Rod Rodgers
1937 — 2002 · Ohio-born concert-dance choreographer; founder of the Rod Rodgers Dance Company at Manhattan in 1966; choreographer of the principal Black-Arts-Movement concert-dance works of the closing years of the 1960s and the 1970s
Roderick Lee Rodgers Sr. was born on the sixteenth of June 1937 at Cleveland, Ohio, the son of a Black-Cleveland working-class household of the closing years of the inter-war period. He was raised in the segregated Black-Cleveland Hough district of the post-war period.
He was placed at the Glenville High School at Cleveland — among the principal Black-Cleveland senior-high-schools of the period — and at the Wayne State University at Detroit, where he took informal dance training from 1955 to 1957.
He relocated to Manhattan in 1957 at twenty and took the formal modernist-dance training at the Erick Hawkins Modern Dance Studio at Manhattan from 1957 to 1962 — among the principal post-Martha-Graham modernist-dance studios of the post-war period.
He was hired in 1962 by the Erick Hawkins Modern Dance Company as a member of the company — at the time the only Black-American dancer in a major Manhattan modernist-dance company. He danced with the Hawkins company from 1962 to 1966 and was the principal Black-American Hawkins-method dancer of the period.
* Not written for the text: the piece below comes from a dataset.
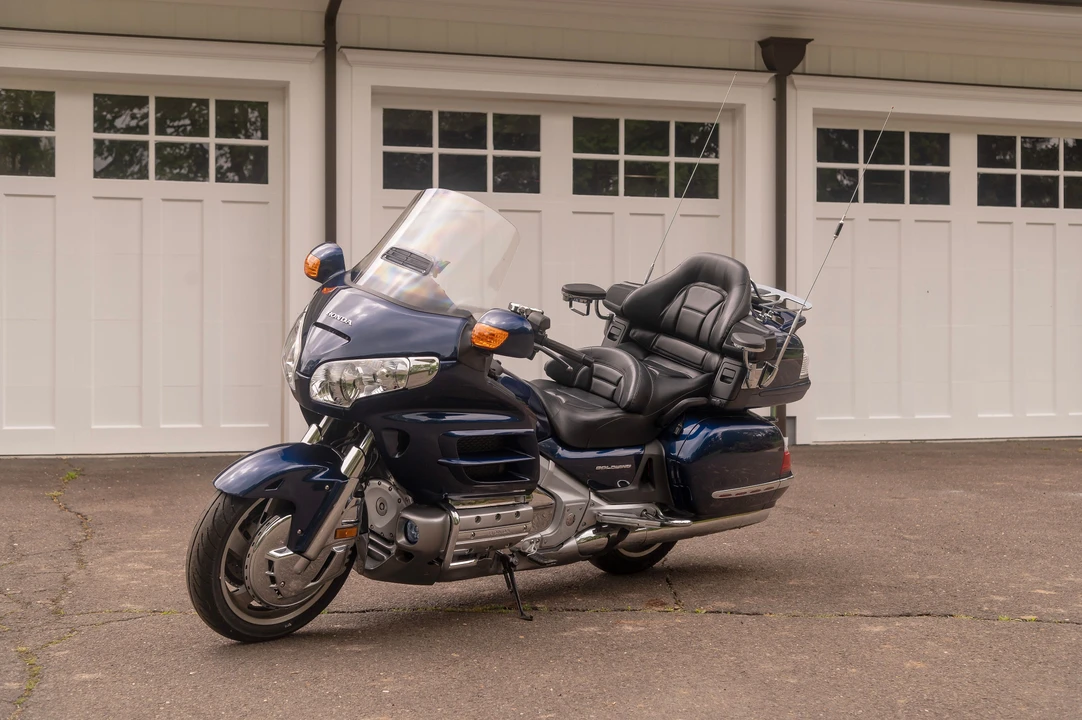 2007 Honda Gold Wing - Image 27 of 31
He founded in 1966 at Manhattan the Rod Rodgers Dance Company — the principal Black-Arts-Movement concert-dance company of the closing years of the 1960s. He directed the Rod Rodgers Dance Company for thirty-six years through to the closing months of his life.
He choreographed across the following thirty-six years over a hundred and twenty concert-dance works — predominantly on the Black-Arts-Movement, the Civil-Rights-Movement, and the closing-period Black-American protest themes of the post-1965 Black-American intellectual ferment.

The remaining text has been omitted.